# Call Center Instrumentation & Analytics (CCIA)

## Watson-Call-Center-Think18 Lab March 2015

This document provides guidance and background for a hands-on Python + IBM Watson lab being presented at an IBM Think2018 conference in March 2018, and for an IPython / Jupyter notebook and python code available for open source after the event.

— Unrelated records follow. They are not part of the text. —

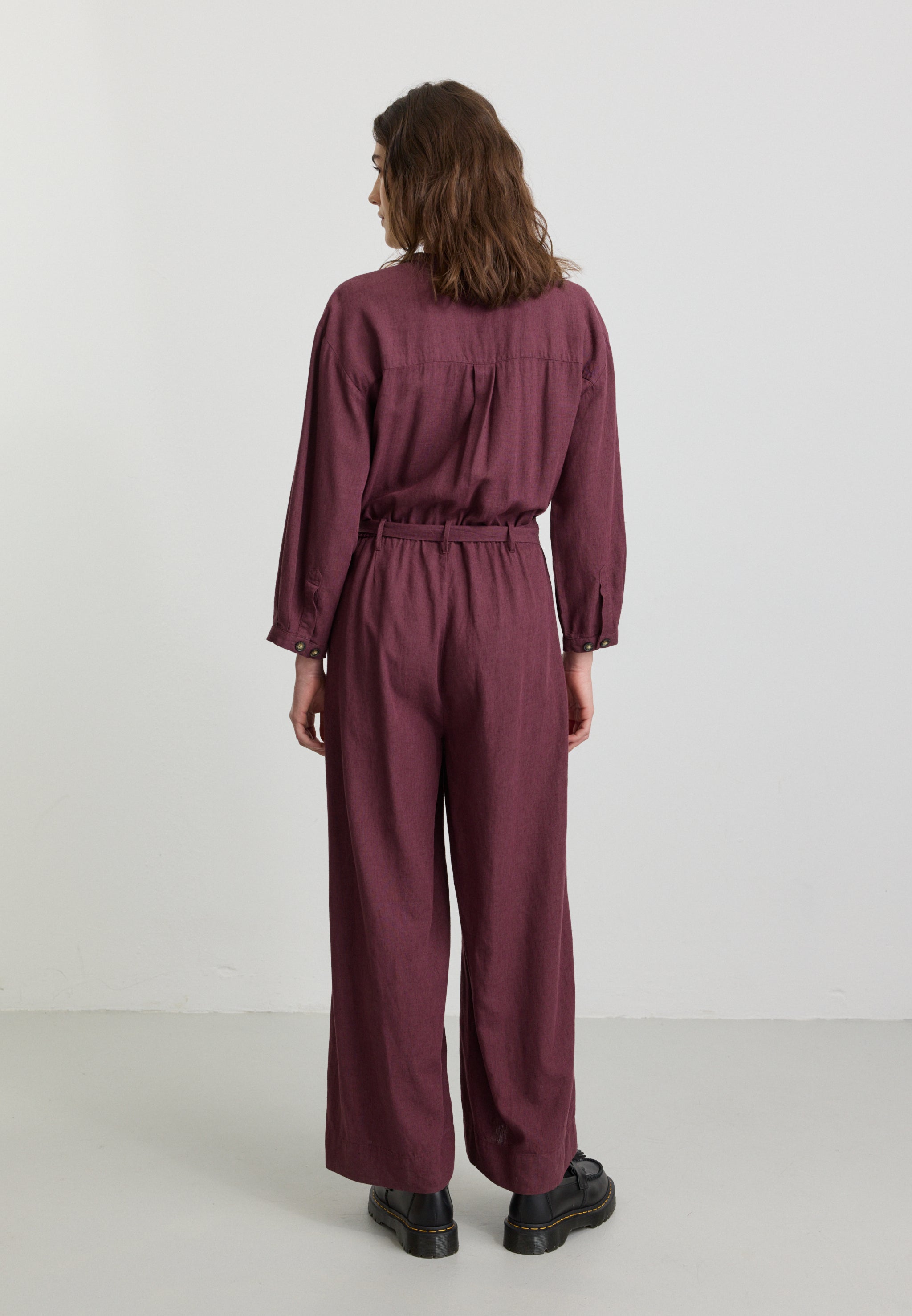 Recolution Filaree tuta dark plum in lino viscosa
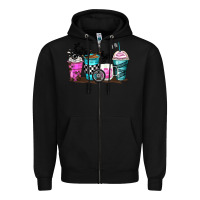 Black motocross coffee cups Zipper Hoodie - Zillion Design Studio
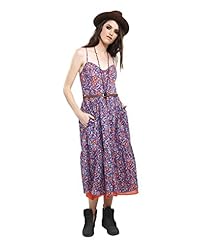 Flowy Cotton Floral Print  Dress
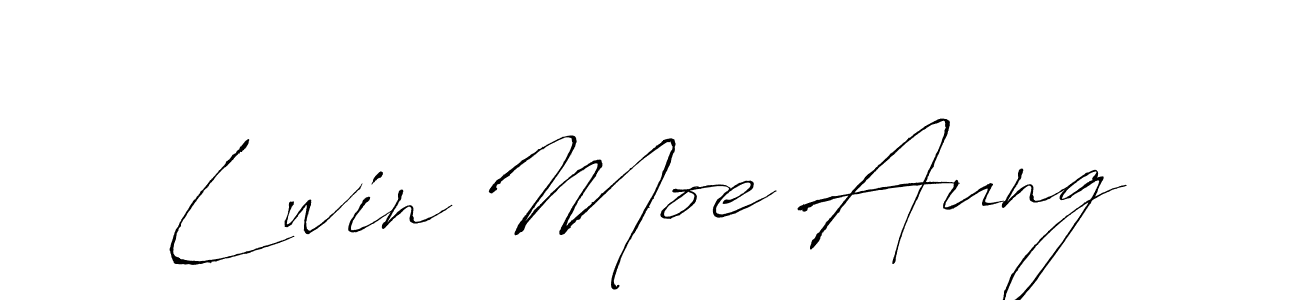 Design your own signature with our free online signature maker. With this signature software, you can create a handwritten (Antro_Vectra) signature for name Lwin Moe Aung. Lwin Moe Aung signature style 6 images and pictures png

The focus is Call Center Instrumentation and Analytics (CCIA) pattern.   The Notebook and information here seek to help organizations beginning to explore how to better understand the unstructured "dark data" that arises from phone calls to call centers. 

### Why is this useful?
Enterprises spend more than $1 trillion on 250 billion customer service calls each year.  By using multiple IBM Watson "signal services" to extract signal from raw audio data; perform data analytics, clustering, unsupervised and machine learning, and visualizations, technical teams can use data understand patterns in call centers. KPI and ROI positive.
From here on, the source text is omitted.